The Body Adapts!
I have been using lip balm before going to bed for roughly two years now.
I just came back from a 5-day camping trip with friends. Obviously, I did not bring my lip balm with me and over the course of 4 days, my lips started to get dry and cracked even though I never had this before using lip balm. Presumably, moisture-producing cells in my lips “sense” that moisture levels are already high and stop producing moisturizing secretions whenever I use lip balm. Said mechanism takes a couple of days/weeks to readapt, leading to said effect (reversible).
Relatedly, most people are amazed when I tell them that I never use shampoo or warm water to wash my hair, which on the top is roughly 10cm long. I only ever wash my hair with cold water. My hair does not look greasy at all but has a natural shine to it. When I started doing this three years ago, I had greasy hair for roughly 2-3 weeks. After that period, greasiness went down to “normal” levels. Have not used shampoo since and only use shampoo when my hairdresser applies it when washing my hair.
Similar to my lips, when I wash my hair with shampoo, sebum-producing cells in the scalp sense that sebum levels are lower than they should be, consequently cranking up sebum production (leading to greasy hair after a couple of days of not using shampoo anymore).
Third example. Whenever I wash my hands more frequently with soap (removing endogenously produced oils), my hands start to get sweaty more easily, presumably because moisture/sebum-production is increased.
I find all this fascinating because with each example, there has to be a moisture/sebum-level sensing mechanism somehow turning on an intracellular signaling cascade leading to said effects.
Similar things apply to the central nervous system. For example, in the past, whenever I studied vocabulary, I was soon a much better vocab learner. I expect this to be only partly due to improvements in technique. Presumably, neural circuits related to memorizing vocabulary long-term potentiate. Or whenever I am practicing gratitude, after a couple of weeks, my emotions of gratitude become stronger. In a similar way can a temporary period of fear lead to a full-blown anxiety disorder.
Bones grow in the direction of the pressure applied to them.
People growing up at high altitudes do not just have higher hemoglobin levels, but every level of the organism adapts to the relative hypoxia.
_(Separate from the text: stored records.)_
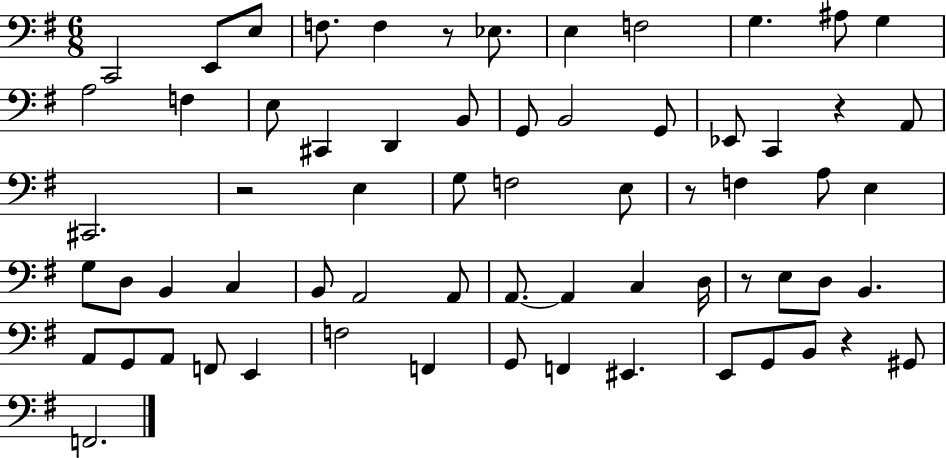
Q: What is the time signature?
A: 6/8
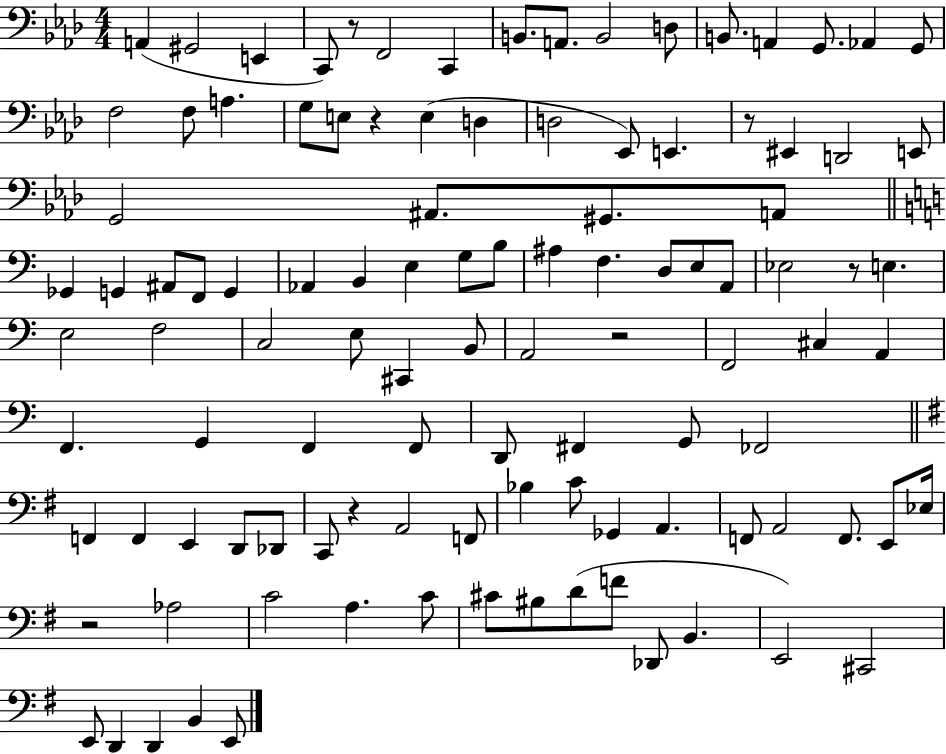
A2/q G#2/h E2/q C2/e R/e F2/h C2/q B2/e. A2/e. B2/h D3/e B2/e. A2/q G2/e. Ab2/q G2/e F3/h F3/e A3/q. G3/e E3/e R/q E3/q D3/q D3/h Eb2/e E2/q. R/e EIS2/q D2/h E2/e G2/h A#2/e. G#2/e. A2/e Gb2/q G2/q A#2/e F2/e G2/q Ab2/q B2/q E3/q G3/e B3/e A#3/q F3/q. D3/e E3/e A2/e Eb3/h R/e E3/q. E3/h F3/h C3/h E3/e C#2/q B2/e A2/h R/h F2/h C#3/q A2/q F2/q. G2/q F2/q F2/e D2/e F#2/q G2/e FES2/h F2/q F2/q E2/q D2/e Db2/e C2/e R/q A2/h F2/e Bb3/q C4/e Gb2/q A2/q. F2/e A2/h F2/e. E2/e Eb3/s R/h Ab3/h C4/h A3/q. C4/e C#4/e BIS3/e D4/e F4/e Db2/e B2/q. E2/h C#2/h E2/e D2/q D2/q B2/q E2/e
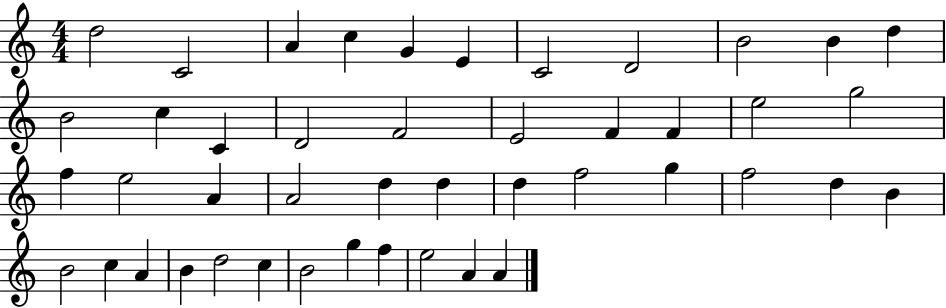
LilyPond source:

{
  \clef treble
  \numericTimeSignature
  \time 4/4
  \key c \major
  d''2 c'2 | a'4 c''4 g'4 e'4 | c'2 d'2 | b'2 b'4 d''4 | \break b'2 c''4 c'4 | d'2 f'2 | e'2 f'4 f'4 | e''2 g''2 | \break f''4 e''2 a'4 | a'2 d''4 d''4 | d''4 f''2 g''4 | f''2 d''4 b'4 | \break b'2 c''4 a'4 | b'4 d''2 c''4 | b'2 g''4 f''4 | e''2 a'4 a'4 | \break \bar "|."
}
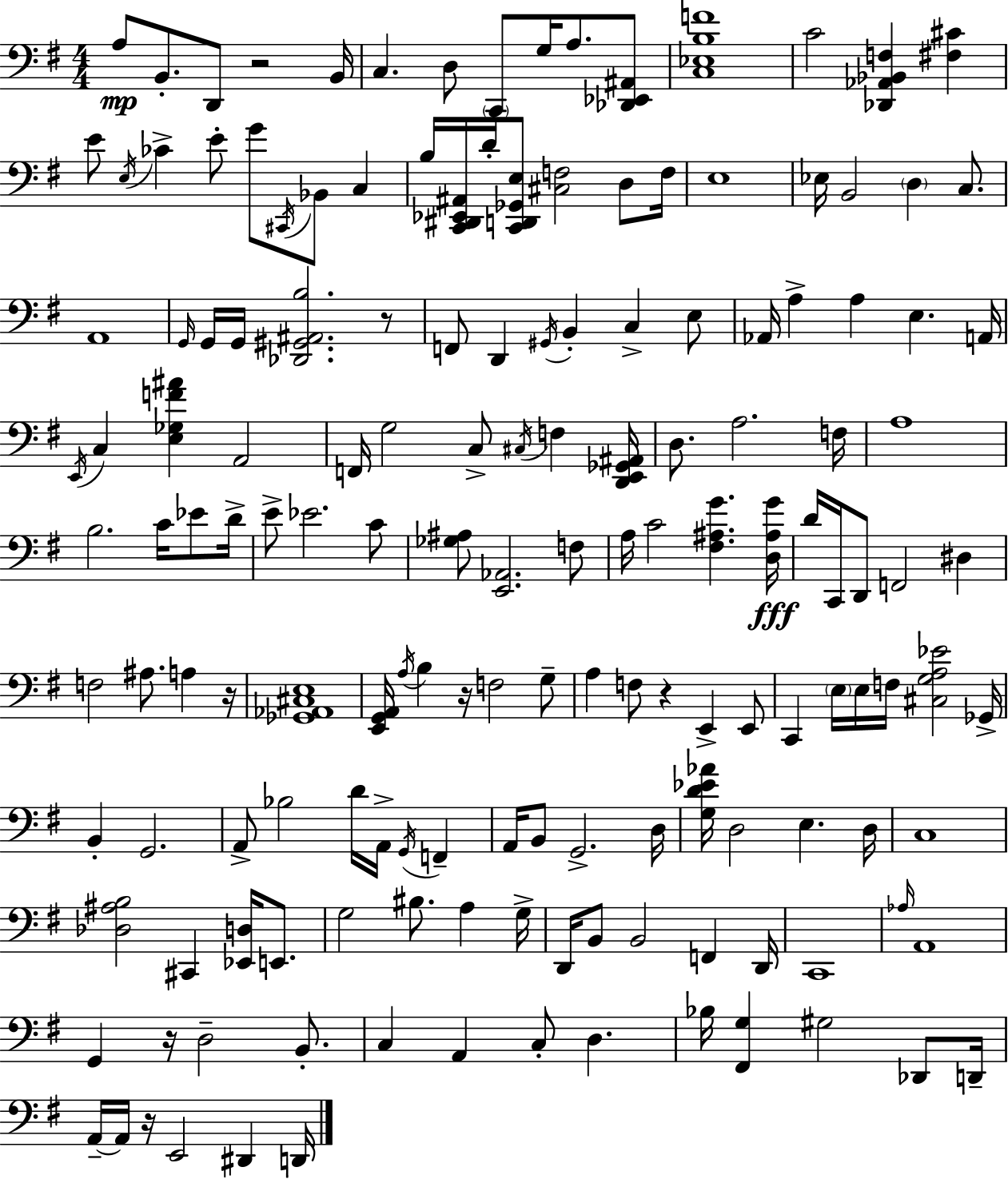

From an increased number of oxidative proteins, more abundant mitochondria, and presumably hundreds of other tiny low-oxygen adaptations.
After lots and lots of diving, the spleens of deep divers can “learn” to contract, pumping additional RBCs into the circulation.
Muscles really do grow longer in response to stretching.
Astronauts devoid of gravitational pull develop weird forms of orthostatic dysfunction after landing because their cardiovascular system had adapted to new conditions.
How and that all this evolved is mind-blowing (from a mechanistic level) because in each case specific sensing-mechanisms and a large number of gene expression changes are at play!